Özel Limited Şirketler ile Kamu Limited Şirketler Arasındaki Fark

Limited Şirketi ve Kamu Limited Şirketi Arasındaki Fark!

Özel limited şirketler:

Bazen limited şirketler olarak adlandırılan özel limited şirketler, bir Anonim Şirket türüdür. Bu, birçok insanın müştereken işletmeye sahip olabileceği anlamına gelir. Şirketin finansal sermayesi paylara bölünür. Şirket ile ilgili bilgiler pay sahiplerine yıllık olarak bildirilmelidir. Şirketin sürekli bir varlığı vardır, yani büyük bir hissedar ölür veya hisselerini satarsa ​​bile devam eder.

Adından da anlaşılacağı gibi, özel limited şirketler sınırlı bir sorumluluğa sahiptir. En az iki üyeye sahip olmalılar. Bunların çoğu, çoğu ailelerin sahip olduğu nispeten küçük firmalardır. Bunun nedeni, bu şirketlerin halkı hisselerini satın almaya davet edememesidir. Herhangi bir hisse satılmadan önce diğer hissedarların rızasını almak ve bilinen kişilere satmak zorunda kalmak gerekir.

Hisse senetlerinin satılabildiği bu kısıtlama, şirketin kontrolünü birkaç elinde tutmaya yardım eder, hisse senetlerine sahip olanlar genellikle işi yönetir. Bununla birlikte, arttırılabilecek finansman miktarını sınırlandırmaktadır. Bu nedenle, bazı özel limited şirketler kamu limited şirketlerine dönüşmektedir.

Halka Açık Şirketler:

Halka açık limited şirketler genellikle isimlerinin sonunda 'pic' varken, özel limited şirketler genellikle 'ltd'. Ancak, her ikisi de anonim şirket, sınırlı sorumluluk ve sürekli bir varlık olması nedeniyle, özel limited şirketlere benzerler. Bununla birlikte, hisselerini genel halka satabilirler.

Bu, potansiyel hissedarların sayısını ve hissedarlarının hisselerini borsada satma yeteneklerini arttırır. Bu aynı zamanda insanların onları satın alma isteğini de arttırıyor. Bu, bu tür bir işletme organizasyonunun, hisselerinin satışı yoluyla kayda değer miktarda finansman sağlayabileceği anlamına gelir. Bu, banka kredisi ve yeniden yatırılan karlarla birlikte, büyük boyutta büyümelerini sağlayabilir.

Hisselerini halka halka satabilmek için halka açık şirketlerin özel limited şirketlerden daha fazla bilgi sağlamaları gerekir. Öncelikle, şirketi ve planlarını açıklayan ve hisse teklifini açıklayan bir prospektüs yayınlamaları gerekmektedir. Bundan sonra, her hissedarına hesaplarının bir kopyasını ve her yıl bir rapor göndermeleri gerekir.

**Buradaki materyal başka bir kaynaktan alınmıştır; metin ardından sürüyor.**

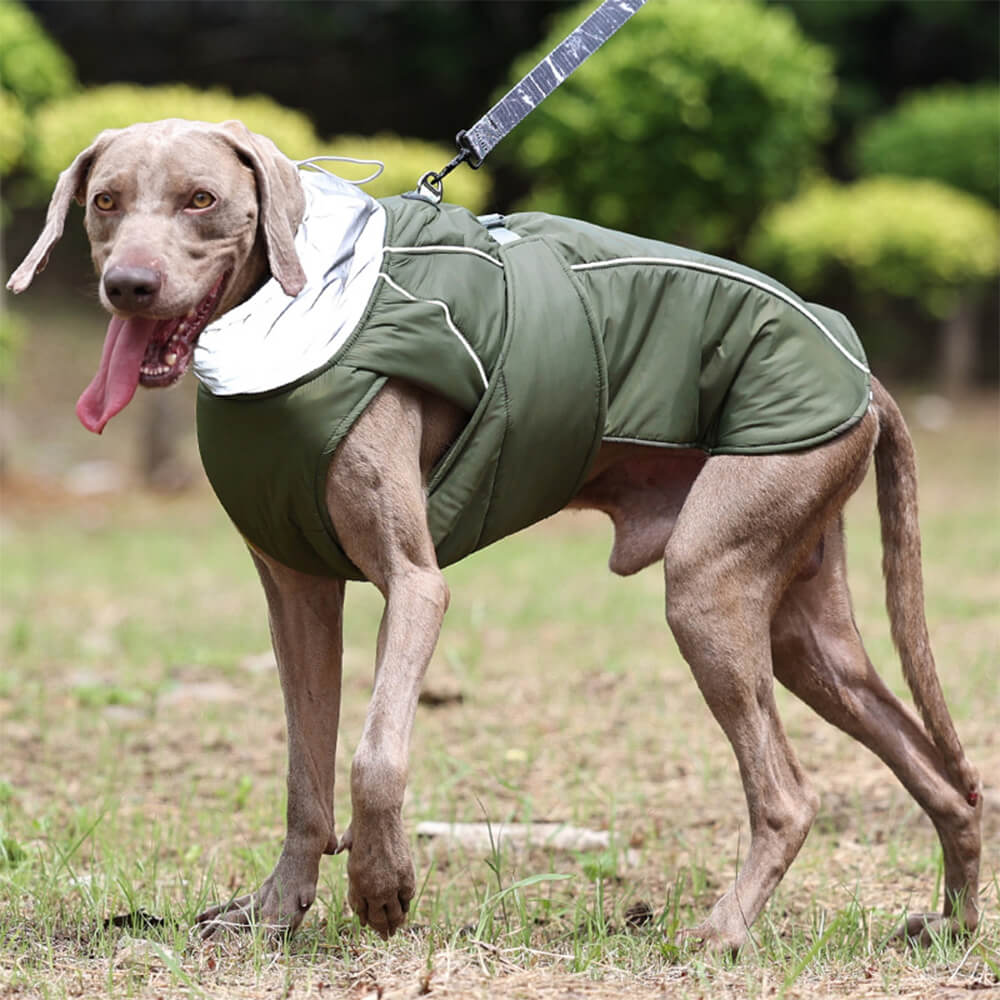 Waterproof Warm High Collar Reflective Dog Thickened Jacket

Sanayileşmiş ülkelerde, baz tüccarlar genellikle en yaygın iş organizasyonu türü olsa da, halka açık şirketler en yüksek verim oranını oluşturuyor. Ancak, halka açık limited şirketlere bağlı iki ana risk vardır.

Birincisi, hisselerinin borsada mevcut olması, bu nedenle devralmaya maruz kalabilir. Diğeri ise, hissedarların, şirketlerin uzun vadeli gelişmeleri pahasına yüksek temettüler (kar payı) elde etmekten endişe duymaları olabilir.

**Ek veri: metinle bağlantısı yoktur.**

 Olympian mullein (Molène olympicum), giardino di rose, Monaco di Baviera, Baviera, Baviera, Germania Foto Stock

Mülkiyet ve kontrol ayrılığı:

Halka açık bir limited şirkette, mülkiyet ile şirketin kontrolü arasında bir ayrım vardır. Girişimcinin rolü hissedarlar ve yöneticiler arasında bölünmüştür. Hissedarlar mülk sahipleridir ancak çoğu şirket yönetiminde aktif rol almamaktadır.

Şirketin kontrolü, genel kurulda (AGM) hissedarlar tarafından seçilen bir yönetim kurulunun elindedir. Hissedarlar, işletmenin yöneticiler tarafından yönetilme şeklinden memnun değilse, uygulamada AGM'ye pek fazla hissedar gelmese de, onları oylayabilir.